Pratt & Whitney is gearing up for a sustainable future with projects testing alternative fuels and pioneering revolutionary technology to reduce carbon emissions, the company’s Chief Sustainability Officer, Graham Webb, has said.
From the revolutionary GTF engine family, to advanced hybrid-electric systems, Pratt & Whitney are developing technologies to make aircraft fly more efficiently and with lower emissions.
The company is also preparing aircraft engines for the transition to Sustainable Aviation Fuels, and developing technologies for hydrogen-fueled propulsion systems, which will be key to a net zero future for aviation.

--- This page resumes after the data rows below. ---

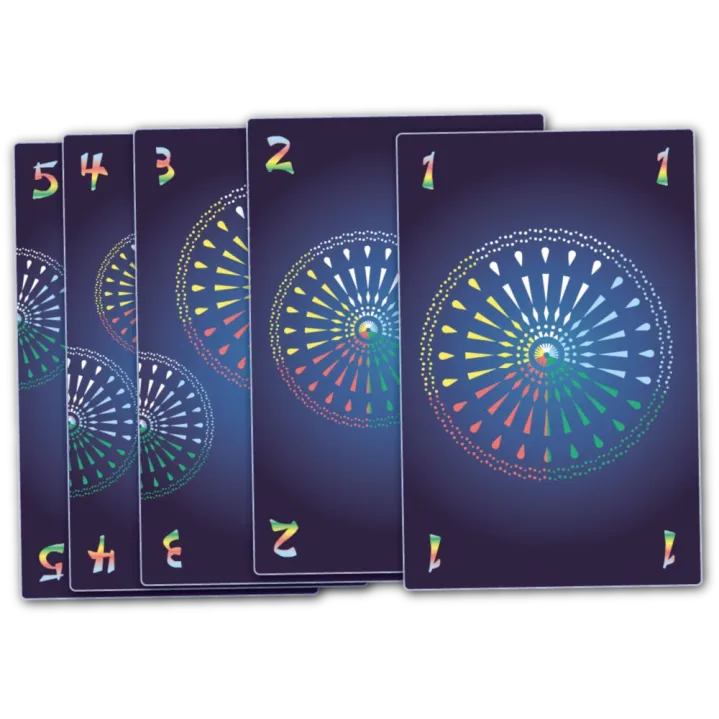 Hanabi (Linha Pocket) - Papergames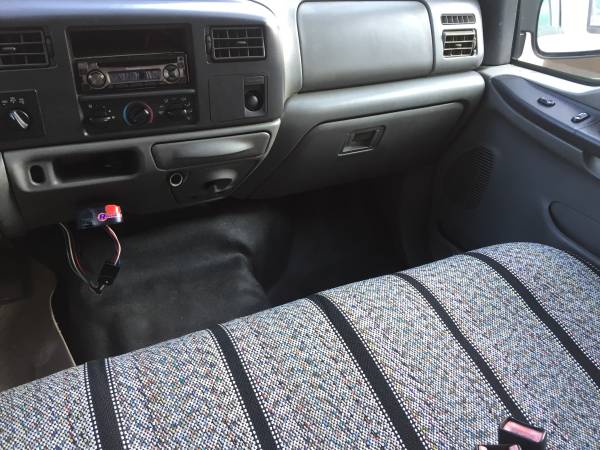 ‘03 Ford F350 4X4 PowerStroke Turbo Diesel Crew Cab Long Bed for sale in Herndon, MD – photo 11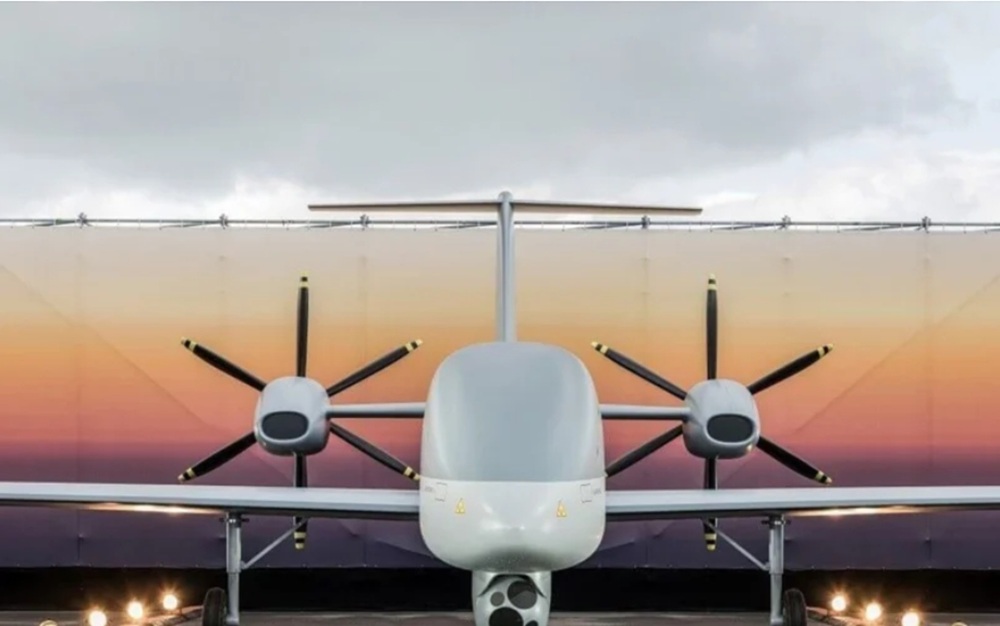 Eurodrone dos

16 per cent improvement in fuel burn
Commenting on Pratt & Whitney’s ‘Sustainability starts with the gear’ initiative, Webb said: “Sustainability starts with a gear is associated with our revolutionary gear-turbofan engine, which has a new technology called a fan-drive gear system.
“[That is] a very high powered, lightweight gear that is inserted in between the fan module and the turbo machinery. It enables the fan to turn slowly and the turbo machine to operate at optimal speeds and has delivered a 16 per cent improvement in fuel burn.”
Webb said Pratt & Whitney had also been working with the Commercial Aviation Alternative Fuels Initiative (CAAFI) since 2006, “developing different types of sustainable aviation fuel feedstocks and ensuring their capability with both the aero engines and the aircraft. It has enabled us to release seven different blend feedstocks.”
He said work would continue to move from 50 per cent SAF blends to 100 per cent blends.
Webb added: “Hydrogen is a very important element, not only as a primary fuel source but also a feedstock for potential power to liquid fuels. We view green electricity to meet green hydrogen as a key enabler for the aviation industry total roadmap to net zero by 2050.
“From what I can see today, the industry has coalesced together and is collectively moving in the direction towards achieving net zero. It is going to require a wide variety of tools in our toolbox.”